Swimming with the online card sharks

In the world of virtual Texas hold 'em, the money is real and so is the addiction.

Published May 2, 2002 7:30PM (EDT)

"Italians come to ruin most generally in three ways, women, gambling, and farming. My family chose the slowest one."

-- Pope John XXIII

I have a poker table that dominates my studio apartment in a seedy neighborhood in San Francisco. I have clay chips that were given to me as a present last Christmas. The difference between the clay chips, which go for $10 a pack, and the cheap Walgreens plastic numbers is palpable.

I grew up playing spades in state homes for wayward youth. In college I won the dorm euchre championship (we cheated, but that's how you play euchre). My compulsive card playing reflected disastrously on my college transcripts. My friend Louie got me into blackjack laying around our squat in Chicago's notorious Cabrini Green while the men rolled dice on the sidewalk out front. I lost my last $600 the first time I played poker in West Yellowstone on the way to see my girlfriend in Seattle. Our relationship never recovered.

Grandfather was a cardplayer. The Nazis killed off his entire family and all anybody knows of him is that he worked hard and played cards every day until he died, whittling away his final years playing pinochle for pennies down at the Levy's center in Chicago. One time he smacked another man in the teeth over 20 cents. Old age made him cheap, but he could still smell a rat.

Now 30, I host a poker game every Tuesday night with anywhere from six to 10 participants. We play low stakes while the hookers scream on Folsom Street down below. My editor likes to come over and stay for every hand, bragging loudly that the pots are too small to merit taking, the bets not worth folding over.
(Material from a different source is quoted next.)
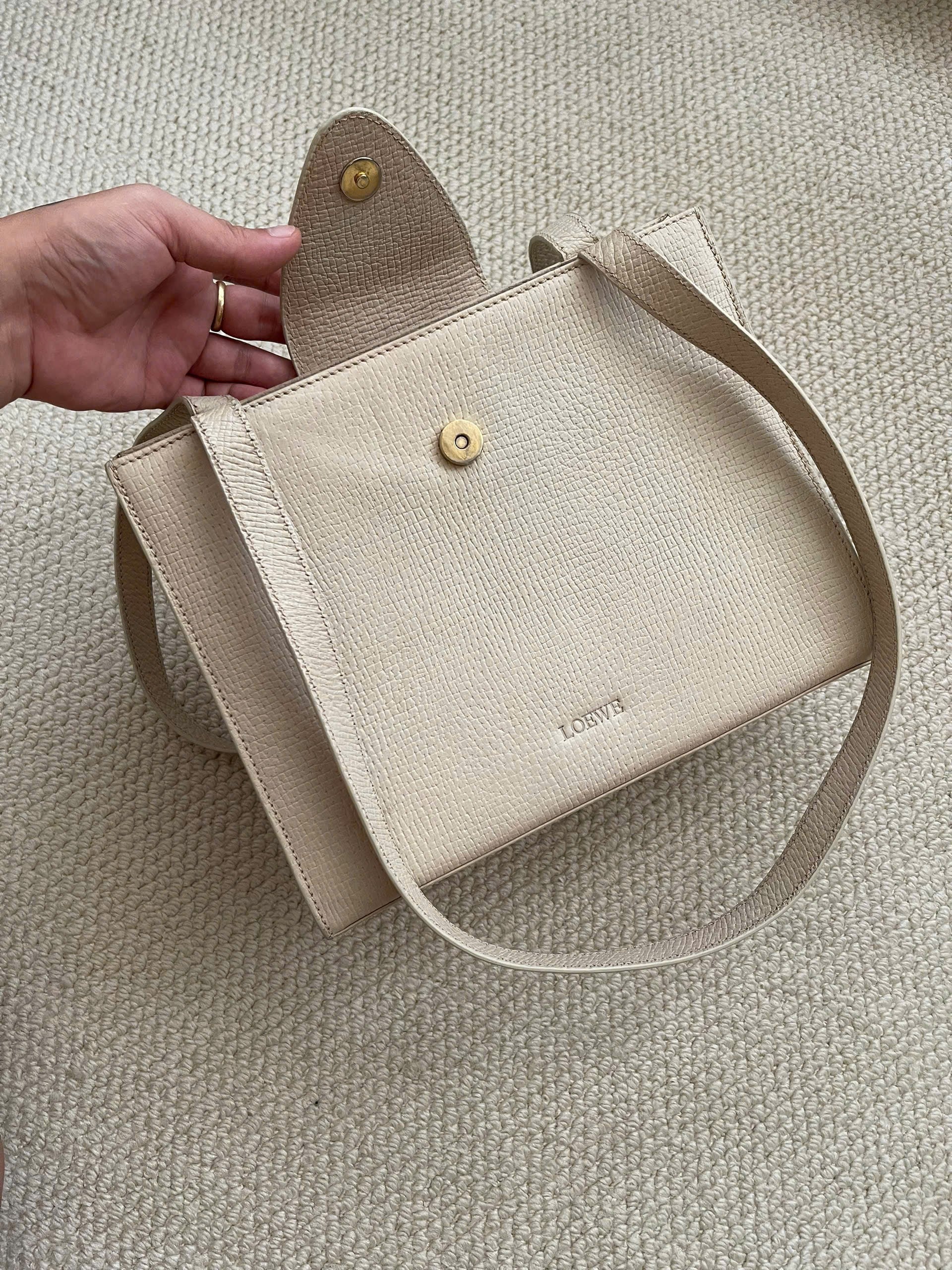 Loewe Logo Embossed Shoulder Bag Ivory Vintage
My editor drinks too much and has a tendency to lose, and everyone is always happy when he shows up to give us his money. Like most losers, though, my editor wins sometimes too.

Among my group I'm one of the better poker players. We play 10 cent, 25 cent, 50 cent. Some people show up on Tuesdays ready to lose $10. They figure it's a small price for a pleasant evening with friends. Like my editor, these people are also welcome.

One Wednesday, after a particularly invigorating night of playing, I start searching online for poker tips but find instead poker rooms where I can buy in with real money online against real players, 24 hours a day.

"The safest way to double your money is to fold it over once and put it in your pocket."

-- Kin Hubbard

I put $500 into an account with Firepay, part of Surefire Commerce, a publicly traded company based in Canada. I put it on my credit card and they ask me before I am done if I intend to use the money for gambling. I check the box that says "Yes."

I log onto Pokerroom.com. I don't have to download any software. I sit at a 3-D table with stereotypical gambling types: the bald man in the bad shirt, the chubby black woman with tight curls, the fat guy with the white suit and cigar. And of course the babe, in the thousand-dollar dress, half cleavage, half legs.

I make rules for myself. Whenever possible I will play as the bombshell. (Very few women play poker so you pretend to be the woman and maybe the guys will give you a break.) I will stay out of the high-roller rooms. I will quit when losing. I will lose my $500 or win $1,000, then I will write an article about winning $1,000 playing online poker and get out for good.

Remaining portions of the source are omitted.